Dem steht nicht entgegen, dass die Zeitspanne "in nächster Zukunft" in dem vom Beklagten angeführten Referentenentwurf der Unbilligkeitsverordnung mit "längstens drei Monaten" erläutert worden ist. Die demgegenüber offene Formulierung im Verordnungstext belegt im Gegenteil, dass der Verordnungsgeber bei der Anwendung dieses Unbilligkeitsgrunds Auslegungsspielräume lassen und gerade keine strikte Zeitgrenze einführen wollte. Diese Wertentscheidung wird durch - zudem nicht notwendig öffentlich zugängliche - Äußerungen und Erwägungen im Verfahren der Verordnungsgebung, die im Normtext keinen Niederschlag gefunden haben, nicht verdrängt.

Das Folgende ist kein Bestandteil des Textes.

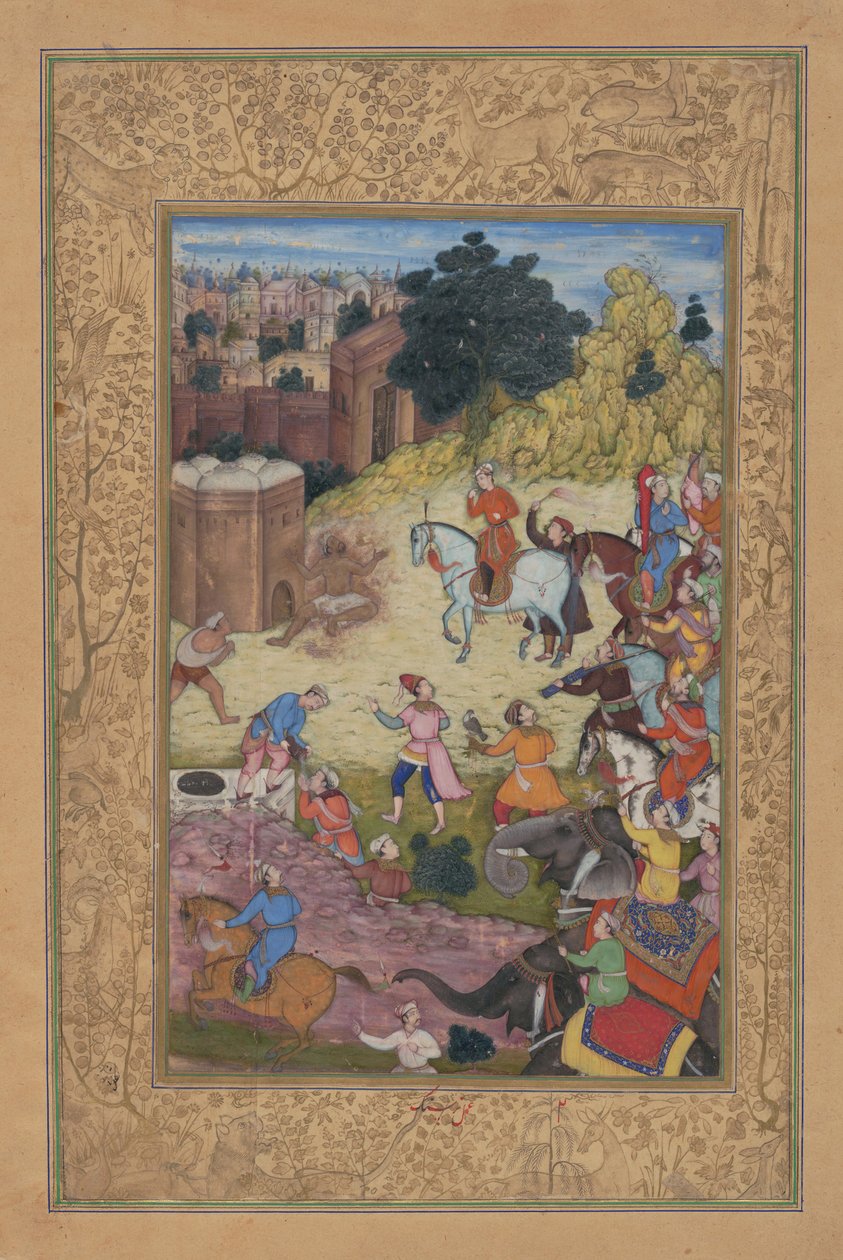 Egy fürdőőrt megemészt a szerelme iránti szenvedély, Folio egy khamszából..., 1597-98. alkotó: Nar Singh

Ob der Beklagte wegen der Höhe des Rentenabschlags von 9,6 % und dem kurz darauf möglichen abschlagsfreien Rentenbezug ausgehend von seiner Rechtsauffassung das Vorliegen einer besonderen Härte zu prüfen und im Rahmen seines Ermessens bei der Aufforderung zur vorzeitigen Rentenantragstellung näher zu würdigen gehabt hätte, konnte hiernach offen bleiben.